(EXTRACTED ENTRIES)

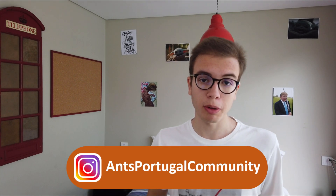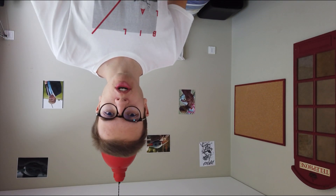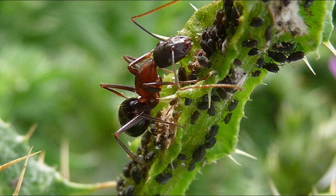Today we're going to be talking about Camponotus barbaricus. Camponotus barbaricus belongs to the genus Camponotus, so their common name is usually Carpenter Ant in basically all of the world except in Australia, where they call them sugar ants. Camponotus barbaricus specifically exists around the west side of the Mediterranean Sea — they only live in Portugal, Spain, France, and throughout north Africa above the Sahara. They are one of the biggest ant species in Europe — not the biggest, but very close.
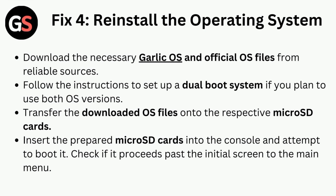Fix four is to reinstall the operating system. Download the necessary GarlicOS and official OS files from reliable sources. Follow the instructions to set up a dual boot system if you plan to use both OS versions. Transfer the downloaded OS files onto the respective micro SD cards, insert the prepared cards into the console, and attempt to boot it to check if it proceeds past the initial screen to the main menu.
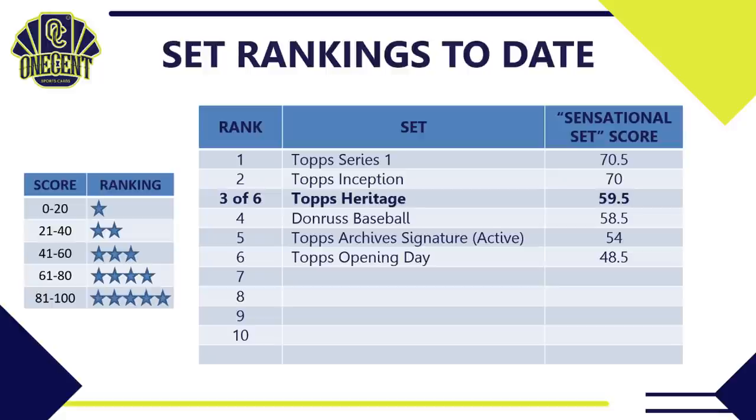Be sure to hit that like button, subscribe if you enjoy these set reviews, and hit the bell to be the first to know how good sets are before buying into breaks. I hope you're having fantastic luck on your Topps Heritage pack pulls. Be good to your family, friends, and neighbors — until next time, take care.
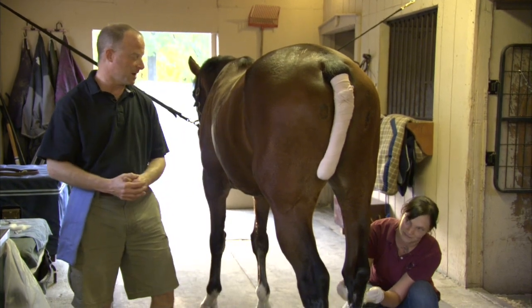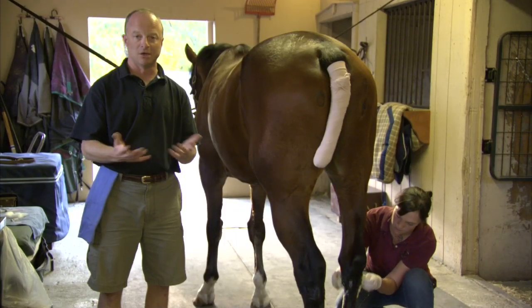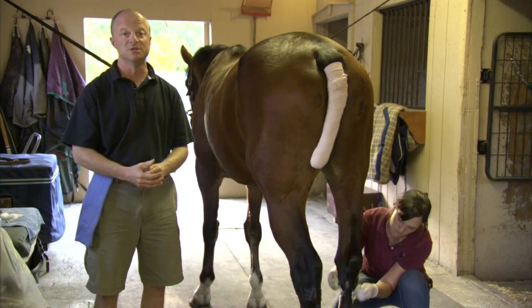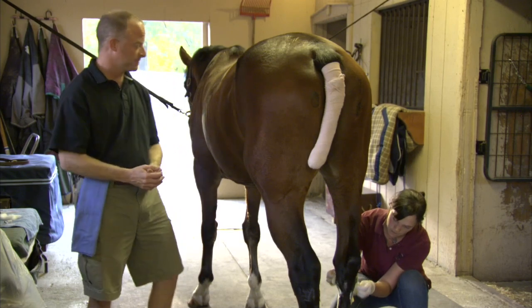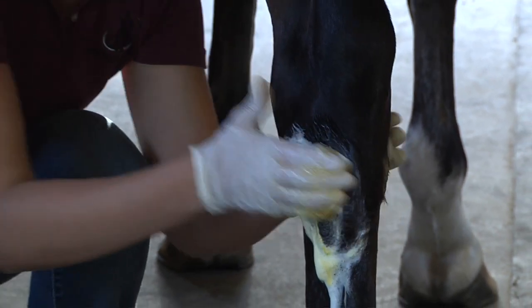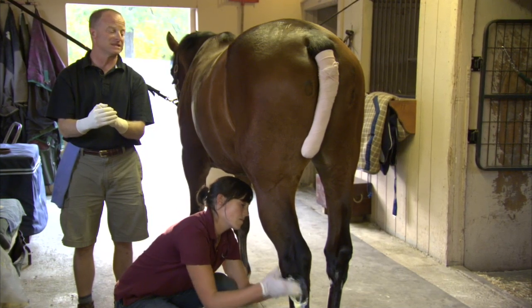My assistant here, Emily, is preparing the joints sterilely and after she is done preparing them, I will put on sterile gloves using sterile technique and I will put needles into the hock joints and inject them with steroids which help to decrease inflammation and make the joint a happier, healthier environment. So Emily is scrubbing the joints with a product called Betadine. It is a sterile surgical soap that we use to clean the area where we need to put the needles in so that it is as clean as possible.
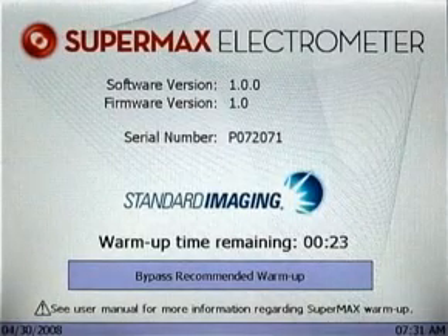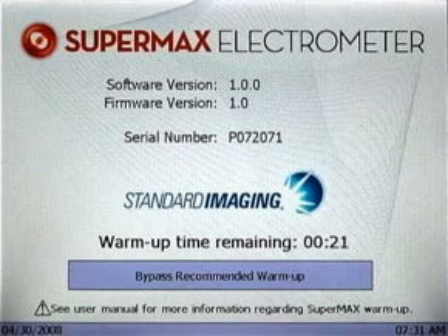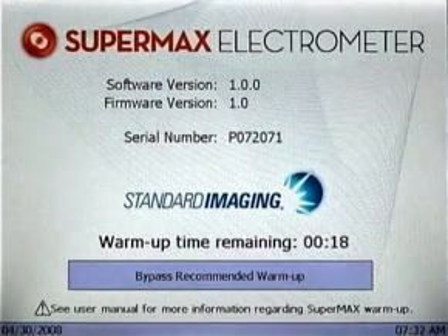This video demonstrates the basic functionality of the SuperMax Electrometer, including selecting the range of operation, adjusting the bias level, and performing a charge collection.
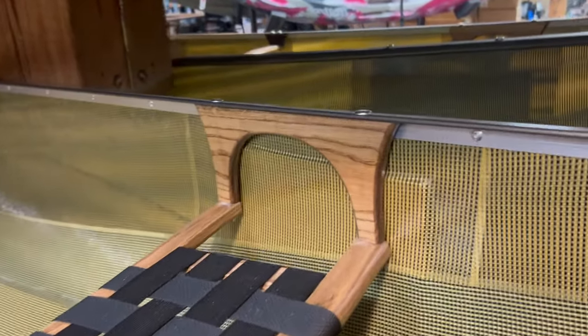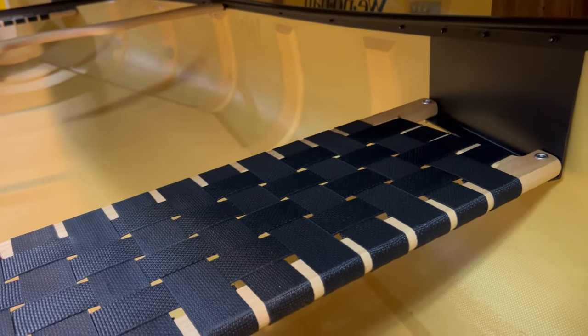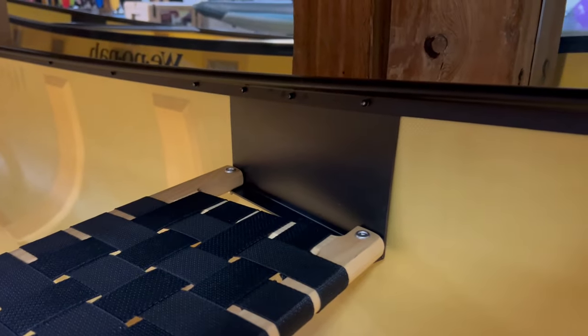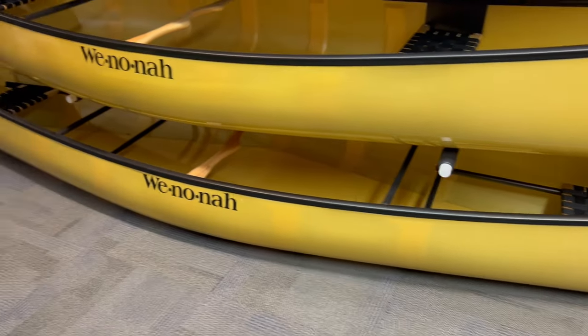North Star uses wooden seat drops, which can be adjusted a little more easily, with rib support underneath. Winona, at least in the case of these web seats, hangs theirs from aluminum drops. Winona canoes are also often equipped with bucket seats — that is definitely a difference, as bucket seats are not available from North Star. Winona canoes also frequently come with sliding seats. I'd attest that the Winona hull shape is a little more trim-sensitive than the more oval hull shape you'd see on a North Star.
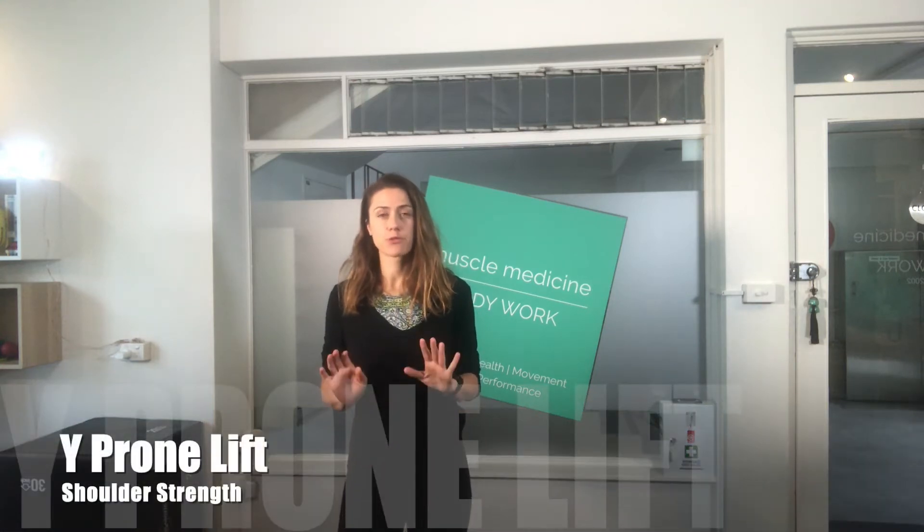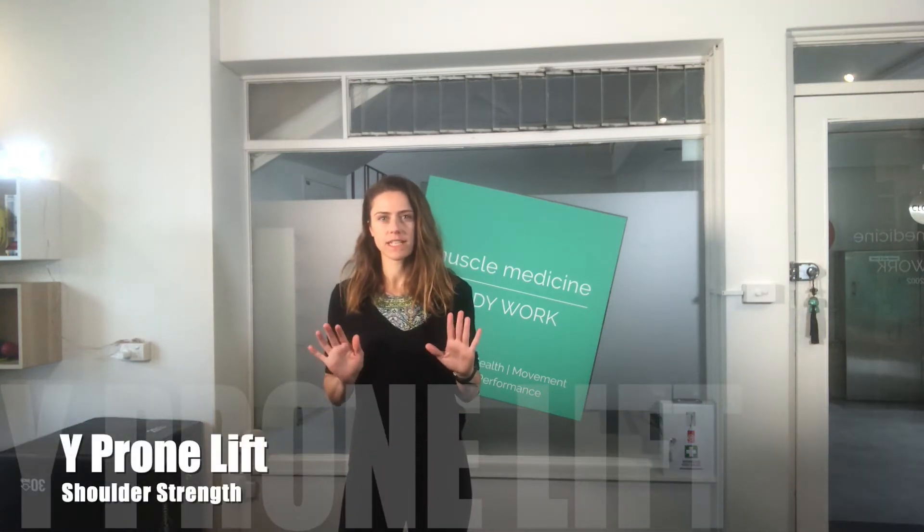In this Muscle Medicine video, we're looking at the prone-wide lift. This is a great exercise for strengthening the back muscles. It's really simple and a good one to start with — perfect if you're suffering from back pain. It actually also helps ensure strength.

(End EXTRACTED ENTRIES)

### WHAT YOU ARE ASKED TO DO
An exact copy of all the records, free of pictures, is the expected answer.

### EXERCISE ANSWER
Today we're going to be talking about Camponotus barbaricus. Camponotus barbaricus belongs to the genus Camponotus, so their common name is usually Carpenter Ant in basically all of the world except in Australia, where they call them sugar ants. Camponotus barbaricus specifically exists around the west side of the Mediterranean Sea — they only live in Portugal, Spain, France, and throughout north Africa above the Sahara. They are one of the biggest ant species in Europe — not the biggest, but very close.
Fix four is to reinstall the operating system. Download the necessary GarlicOS and official OS files from reliable sources. Follow the instructions to set up a dual boot system if you plan to use both OS versions. Transfer the downloaded OS files onto the respective micro SD cards, insert the prepared cards into the console, and attempt to boot it to check if it proceeds past the initial screen to the main menu.
Be sure to hit that like button, subscribe if you enjoy these set reviews, and hit the bell to be the first to know how good sets are before buying into breaks. I hope you're having fantastic luck on your Topps Heritage pack pulls. Be good to your family, friends, and neighbors — until next time, take care.
My assistant here, Emily, is preparing the joints sterilely and after she is done preparing them, I will put on sterile gloves using sterile technique and I will put needles into the hock joints and inject them with steroids which help to decrease inflammation and make the joint a happier, healthier environment. So Emily is scrubbing the joints with a product called Betadine. It is a sterile surgical soap that we use to clean the area where we need to put the needles in so that it is as clean as possible.
This video demonstrates the basic functionality of the SuperMax Electrometer, including selecting the range of operation, adjusting the bias level, and performing a charge collection.
North Star uses wooden seat drops, which can be adjusted a little more easily, with rib support underneath. Winona, at least in the case of these web seats, hangs theirs from aluminum drops. Winona canoes are also often equipped with bucket seats — that is definitely a difference, as bucket seats are not available from North Star. Winona canoes also frequently come with sliding seats. I'd attest that the Winona hull shape is a little more trim-sensitive than the more oval hull shape you'd see on a North Star.
In this Muscle Medicine video, we're looking at the prone-wide lift. This is a great exercise for strengthening the back muscles. It's really simple and a good one to start with — perfect if you're suffering from back pain. It actually also helps ensure strength.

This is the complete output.